If it’s someone you don’t trust, this may be intentional spam. And if that’s the case, you should probably unfollow them.

 

14. What are Lists and should I use them?

When Lists came out, they were cool and trendy. If you added me to a list, I felt appreciated. People would create lists for specific categories for “cool people” or “tech people” or whatever. And they were very useful in some cases.

 

But then people took advantage of them. They started adding everyone to lists, knowing that they may then get a follow back. The use of lists quickly became insincere and lacked value.

But, there is still one use of lists. If you follow a lot of people, you may want to group them so that you can view incoming tweets by categories. Maybe you’re watching the Brewers and only want to read people you’ve put into the “Brewers Fans” list.

Do me a favor, though. Don’t use lists as a way to follow people without actually “following” them. Again, an old trick is to follow thousands of people because many will naturally follow back. It’s all about reciprocation. But when you follow thousands of people, you can’t keep up with your timeline. So instead, those individuals will often filter you out completely and focus on one, small list.

In other words, use Lists for good, not for evil.

 

15. What does it mean to “Favorite” a tweet?
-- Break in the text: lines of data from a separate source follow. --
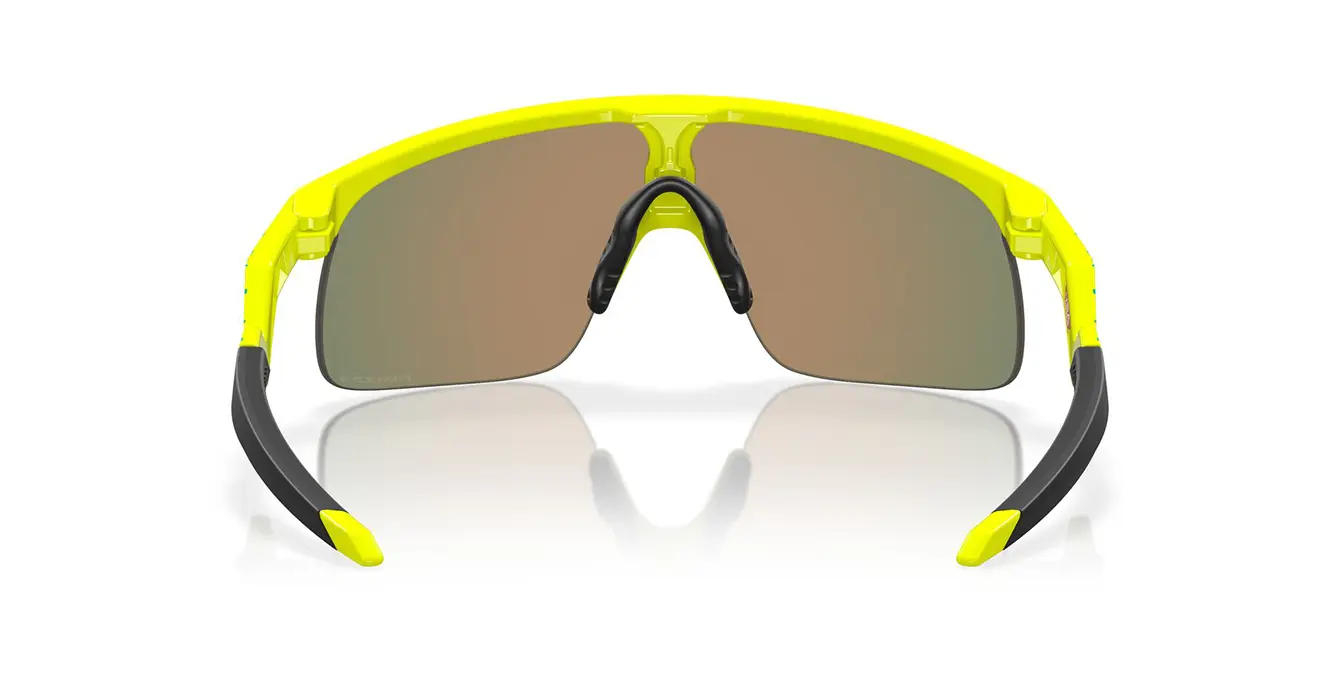 Oakley Resistor Tennis Ball Yellow W/ Prizm Ruby (OJ9010-27) s23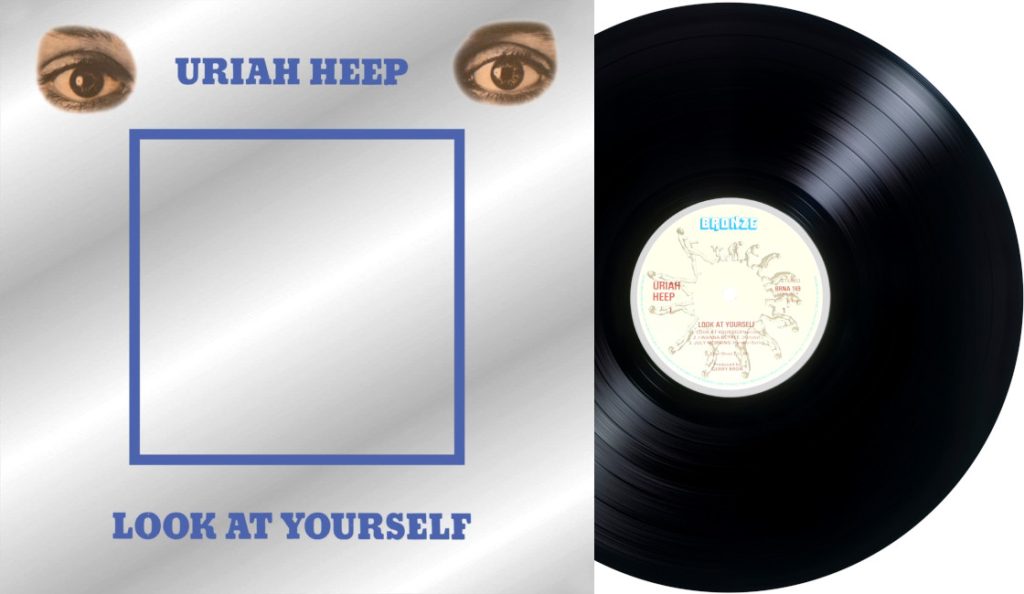 Uriah Heep – “Look at Yourself”<br>06. Listopada – 1971.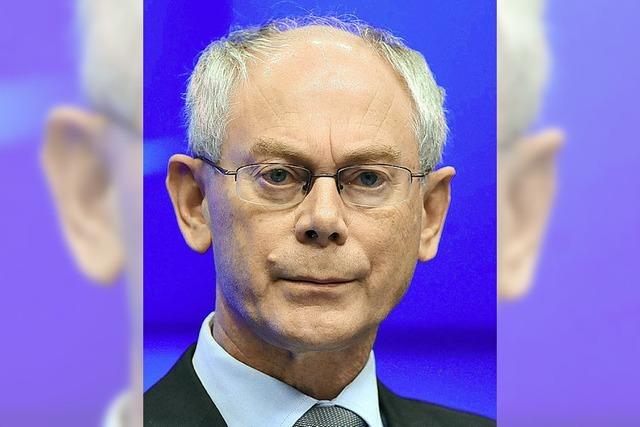 Herman Van Rompuy: Der sanfte Vermittler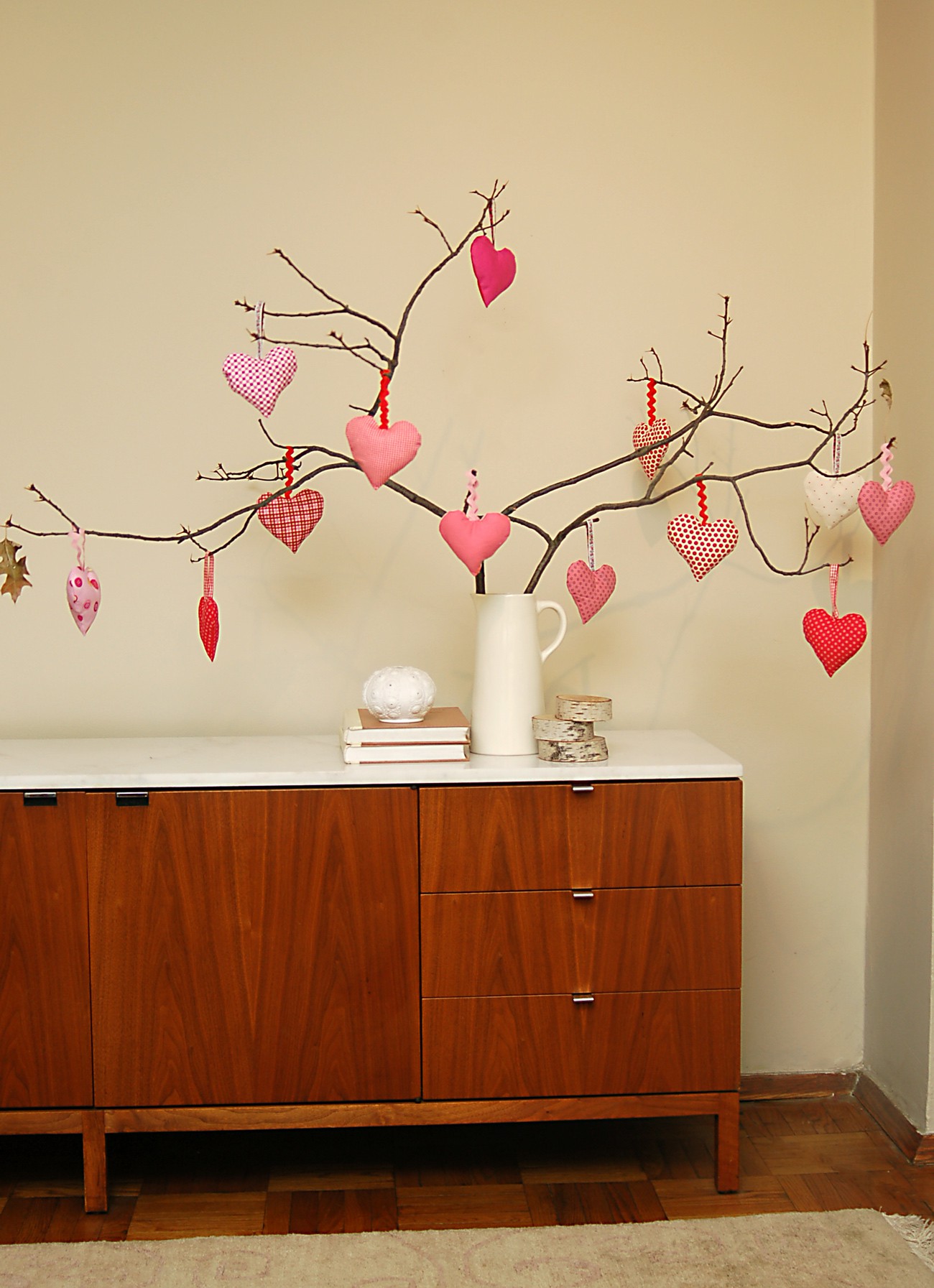 Valentine’s Day Heart Ornament: A New Free Pattern | Blog | Oliver + S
When reading the tweets of others, you’ll have the option to Reply, Retweet or Favorite. I personally don’t use Favorites much, but I’m seeing it used more and more these days. It’s a way to show appreciation for someone else’s tweet, but that typically isn’t broadcasted to followers. So it’s not as strong as a Retweet.

 

For me, I see it’s purpose for bookmarking. Someone said something you want to preserve, Favorite it. If you’re running a Twitter account for your brand, Favorite the nice things people say about your company so that you can refer to them later.

 

16. What is a hashtag (#)?

If there’s one thing that confuses new Twitter users more than anything else, it’s the hashtag. It’s multipurpose. Sometimes it has no purpose at all, which doesn’t help that new user understand.

 

So, briefly, let’s just explain what it does. If you add a # in front of a word or combination of words (no spaces or characters), it will link to a Twitter search of every Tweet that used that hashtag. For example, if you put # before “Brewers” it will create #Brewers.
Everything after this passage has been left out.